Table 2: Most common words among students responses on how they learn in the classroom

# most frequent words in answer 7---------------------------
survey_a7 <- tolower(survey_ans7) # all charcters to lower case
survey_a7 <- tm::removeNumbers(survey_a7) # remove numbers
survey_a7 <- str_replace_all(survey_a7 , "  ", "") # replace double spaces with single space
survey_a7 <- str_replace_all(survey_a7, pattern = "[[:punct:]]", " ")

survey_a7 <- tm::removeWords(x = survey_a7, stopwords(kind = "SMART"))

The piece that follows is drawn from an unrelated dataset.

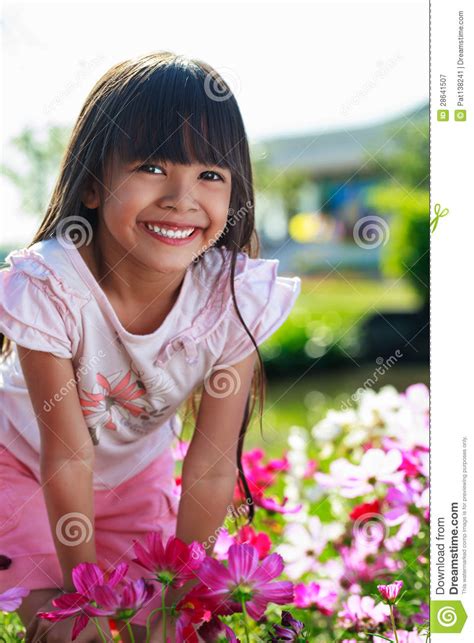 Asian Little Girl Standing With Hands On Knees In A Meadow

corpus1 <- Corpus(VectorSource(survey_a7)) # turn into corpus

tdm1 <- TermDocumentMatrix(corpus) # create tdm from the corpus

answer_7 <- freq_terms(text.var = survey_a7, top = 20) # find the 25 most frequent words

pander(head(answer_7, 15)) # print top 15 common words

	WORD	FREQ
1	â	17
49	learn	10
39	hands	5
75	professor	5
96	teacher	5
108	visual	5
113	writing	5
51	learning	4
52	lecture	4
61	notes	4
78	questions	4
28	examples	3
53	lectures	3
70	powerpoints	3
105	understand	3

From table 2 above, the most common word was learn. Similarly to question 1, this was expected because learn was among the keywords in the question. The letter a with the special character was not considered as a word because it may represented a character with accent, which could have resulted from auto-correction in the student’s smartphones. Nevertheless, the remaining words evidence the high variety of methods by which students consider is the best way to learn in the classroom.

Question 8

Table 3: Most common words among students’ study habits

# most frequent words in answer 8--------------------------
survey_a8 <- tolower(survey_ans8)  # all charcters to lower case
survey_a8 <- tm::removeNumbers(survey_a8) # remove characters
survey_a8 <- str_replace_all(survey_a8 , "  ", "") # replace double spaces with single space
survey_a8 <- str_replace_all(survey_a8, pattern = "[[:punct:]]", " ") # remove punctuation

survey_a8 <- tm::removeWords(x = survey_a8, stopwords(kind = "SMART")) # remove common words

corpus2 <- Corpus(VectorSource(survey_a8)) # turn into corpus

tdm2 <- TermDocumentMatrix(corpus) # create tdm from the corpus

answer_8 <- freq_terms(text.var = survey_a8, top = 15) # find the 25 most frequent words

pander(head(answer_8, 15))

	WORD	FREQ
67	study	16
41	notes	9
1	â	6
77	unanswered	5
73	textbook	3
9	class	2
10	classâ	2
12	computer	2
27	important	2
32	learn	2
34	lecture	2
46	points	2
48	power	2
49	powerpoint	2
56	read	2

As seen in table 1 and 2, a keyword of the question, study, was the most common word among the students’ responses to question 8. Notes and textbook resulted the following two most common words, followed by numerous words having the same frequency. This suggests that students prefer to take notes, refer to the textbook, and revisit lectures (lecture, points, power, powerpoint, and read were among common words related to lectures). Nevertheless, various words having similar low frequencies also suggests different study habit among the students.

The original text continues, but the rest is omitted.